Saturday, September 20, 2014

A Walk Among the Tombstones


is a bit of a throwback, the sort of noir film we don't get much these days.  Based on the Lawrence Block novel of the same name and featuring Liam Neeson as Block's ex-cop, Matt Scudder, the movie captures a great deal of the feel of the Scudder novels.  That fact was one of the reasons I quite enjoyed the movie, but it also means this is a dark movie with moments of graphic violence, even brutality. 

Neeson is a noir-film protagonist in the classic mold, a man who has done bad things and who knows he will do them again, but one who tries to play by his rules in a world that often appears to have no rules. Some critics have faulted the movie for staying within its genre and for having some of the faults of that genre, but I disagree that this is a problem.  The film is a noir detective story, and if you like those, as I do, that's a fine thing indeed. 

The world's lack of rules is most present in the bad guys, who are very, very bad indeed.  I warned that the movie contains brutal moments, and the bad guys deliver them in moments that are upsetting indeed.

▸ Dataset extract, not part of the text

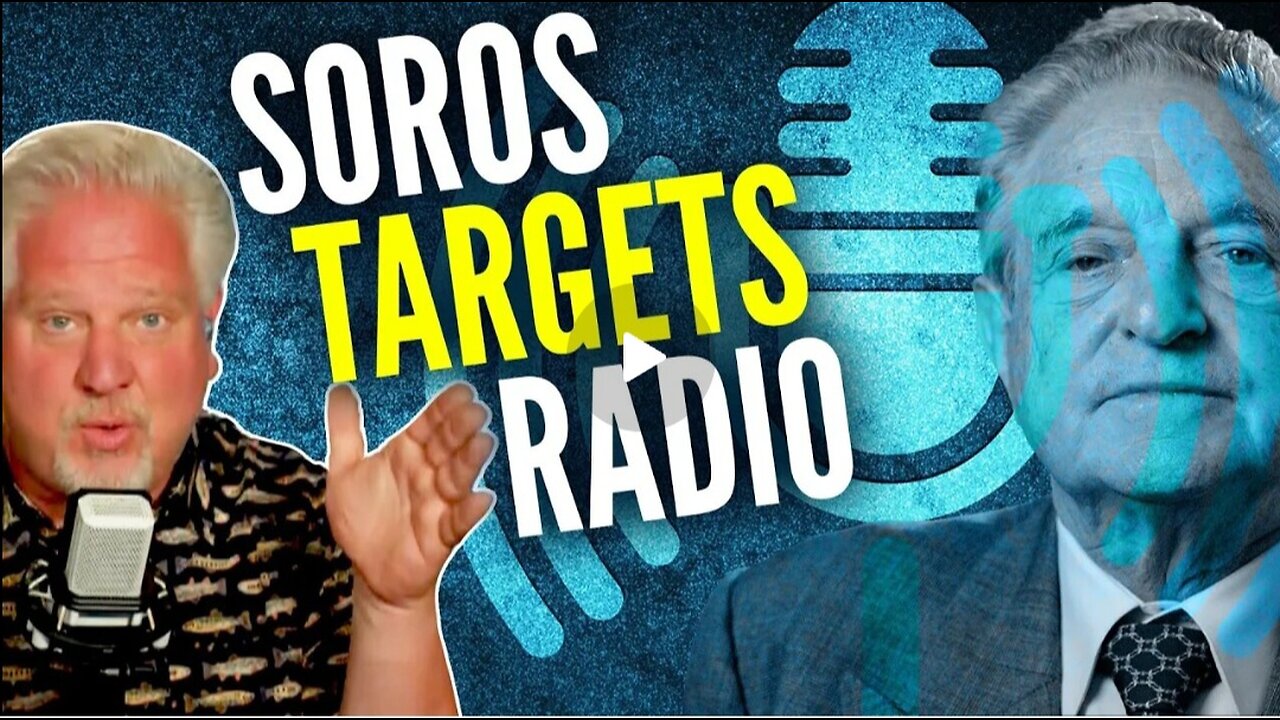 Glen Beck - EXPOSED- George Soros is trying to SUPPRESS radio freedom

Some critics, such as Allison Willmore, have criticized the film for using women only as meat.  They're right.  The movie's greatest weakness lies in its depiction of women as either objects of perfection glimpsed in beautiful moments or, more commonly, as victims, meat for the villain butchers.  The opening sequence is the most disturbing instance of this behavior, but it's not the only one.  It feels as if the filmmakers were trying to set the 1999-based movie in an even earlier time and striving for a retro feel, a time when many, many movies treated women that way (well, many still do, but that's another essay), but the result is uncomfortable by today's standards. I wish the filmmakers had dealt with women rather differently, something I believe would be possible without altering the movie in any fundamental way.

In the end, as is my wont, I enjoyed A Walk Among the Tombstones despite this flaw and the film's other weaknesses, but I remain a bit uncomfortable with that enjoyment.  I recommend it only with this reservation and the warnings above.